YOUR INSTRUCTIONS:
Reproduce, without alteration, every line of the data; exclude the images.
***
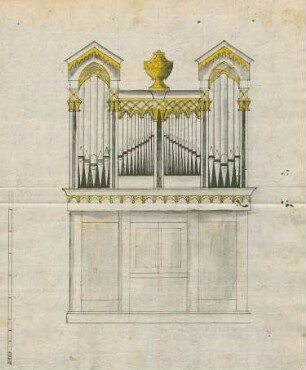 Anschaffung einer neuen Orgel für die Pfarrkirche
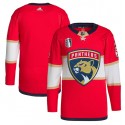 Florida Panthers Blank Red 2023 Stanley Cup Final Stitched Jersey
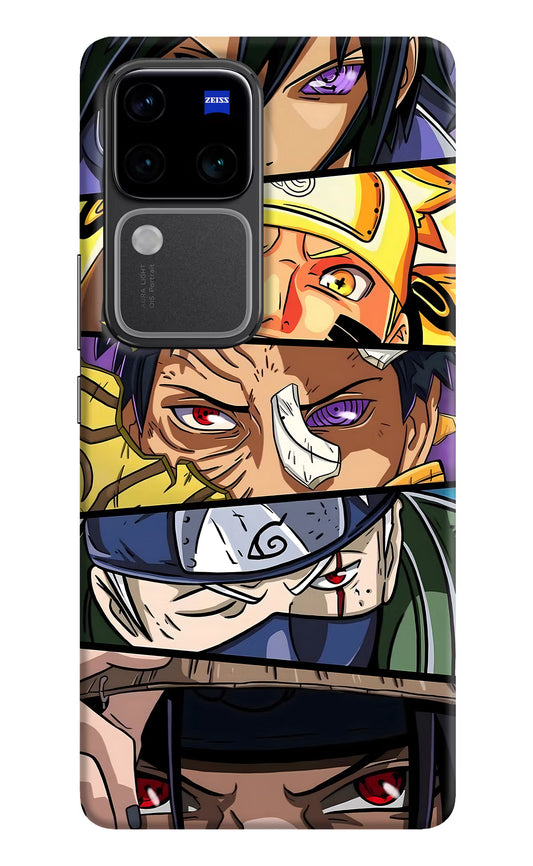 Naruto Character Vivo V30 Pro 5G Hard Case Back Cover by Casekaro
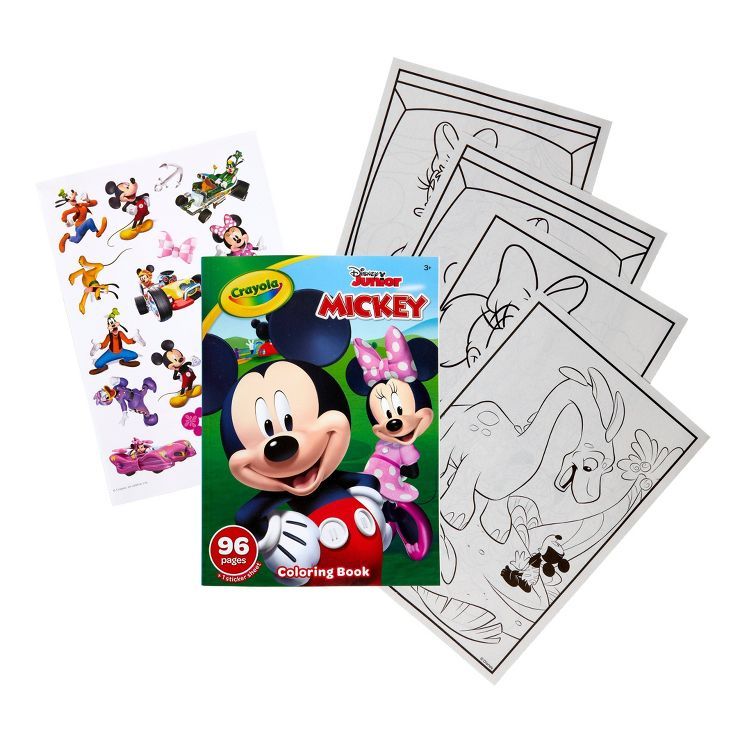 Crayola 96pg Coloring Book - Mickey & Minnie Mouse | Target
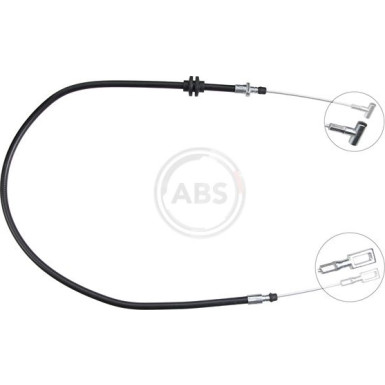 A.B.S. Handbremsseil Seilzug Festellbremse K13951 A.B.S. Handbremsseil Seilzug Festellbremse K13951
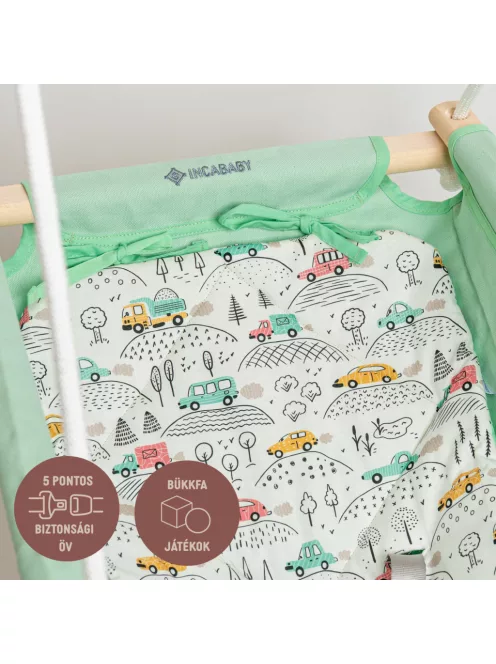 Incababy Babahinta Comfort - Car Ride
***
OUTPUT FOR THIS EXERCISE:
 Anschaffung einer neuen Orgel für die Pfarrkirche
 Florida Panthers Blank Red 2023 Stanley Cup Final Stitched Jersey
 Naruto Character Vivo V30 Pro 5G Hard Case Back Cover by Casekaro
 Crayola 96pg Coloring Book - Mickey & Minnie Mouse | Target
 A.B.S. Handbremsseil Seilzug Festellbremse K13951 A.B.S. Handbremsseil Seilzug Festellbremse K13951
 Incababy Babahinta Comfort - Car Ride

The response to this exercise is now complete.